Monday, March 06, 2006

I read that Netanyahu and Sharon had a disagreement, which led to a decision not being taken about a response to Iran's developing nuclear weapon. It seems like here in the U.S. we have devloped a posture of putting our heads in the sand and hoping that if worst comes to worst our butts will only fell a litle toastier than they do now. Maybe I should check the Church calendar and see if there are any novenas for special ops; praying to do something would be a start. Would be curious if Nathalie in Israel has any comments on the aforementoned issue with the Israeli leadership.

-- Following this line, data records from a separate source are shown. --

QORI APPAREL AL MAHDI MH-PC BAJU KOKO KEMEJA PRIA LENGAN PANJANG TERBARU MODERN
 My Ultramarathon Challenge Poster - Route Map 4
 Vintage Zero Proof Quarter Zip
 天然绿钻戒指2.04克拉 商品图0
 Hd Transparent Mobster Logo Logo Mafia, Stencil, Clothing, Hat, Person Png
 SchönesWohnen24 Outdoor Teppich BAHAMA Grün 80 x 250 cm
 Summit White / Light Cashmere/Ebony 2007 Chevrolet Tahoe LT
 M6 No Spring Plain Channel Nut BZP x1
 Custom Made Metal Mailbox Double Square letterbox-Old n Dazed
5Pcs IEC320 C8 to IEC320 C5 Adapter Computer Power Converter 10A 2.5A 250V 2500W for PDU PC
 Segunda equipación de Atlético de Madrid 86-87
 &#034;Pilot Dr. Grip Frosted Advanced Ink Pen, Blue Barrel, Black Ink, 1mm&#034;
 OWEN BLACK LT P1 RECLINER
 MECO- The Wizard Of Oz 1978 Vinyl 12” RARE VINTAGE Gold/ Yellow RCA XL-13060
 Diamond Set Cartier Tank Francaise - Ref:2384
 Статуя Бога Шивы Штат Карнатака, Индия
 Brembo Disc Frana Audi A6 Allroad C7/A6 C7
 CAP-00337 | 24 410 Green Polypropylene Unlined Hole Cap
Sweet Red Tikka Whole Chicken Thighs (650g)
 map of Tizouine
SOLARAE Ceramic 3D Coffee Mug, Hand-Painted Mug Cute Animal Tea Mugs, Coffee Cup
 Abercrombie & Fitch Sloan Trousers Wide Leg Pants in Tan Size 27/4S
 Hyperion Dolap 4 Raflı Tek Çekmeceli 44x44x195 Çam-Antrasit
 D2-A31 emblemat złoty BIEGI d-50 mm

The NY Times has a somewhat reassuring article on the Iranian bomb. Maybe the Israelis could, using Saatchi as a go beween, negotiate with Hamas. The basics of the deal would be that Israel could abolish it's name, thus 'ceasing to exist,' and change it's name in Arabic, to 'the Canary in the Coal Mine.' Hamas would accept this as total settlement of all claims, words and pictures being of utmost importance to Allah. I think the canary would be kind of cute on F16s. 'Float like a buttefly; sting like a ..' Ferlinghetti would be so pleased with demonstrations too; 'Death to the canary in the coal mine' could be Gregorian and absurd. Amadinehad saying he is going to 'wipe the canary off the map' has a nice childish touch.

Thursday, March 02, 2006

The word hippie seems to be a conflation of 'on the hip,' referring to the posture of the opium smoker, and the West African Wolof language word 'hipicat' referring to 'someone with their eyes wide open.' Then, positively it would be someone aware of what's going on but also a good description for someone drugged. Is there an etymologist in the house? One with a cool picture and who can also explain 'chick.' Cool. Maybe we can get her to explain more words.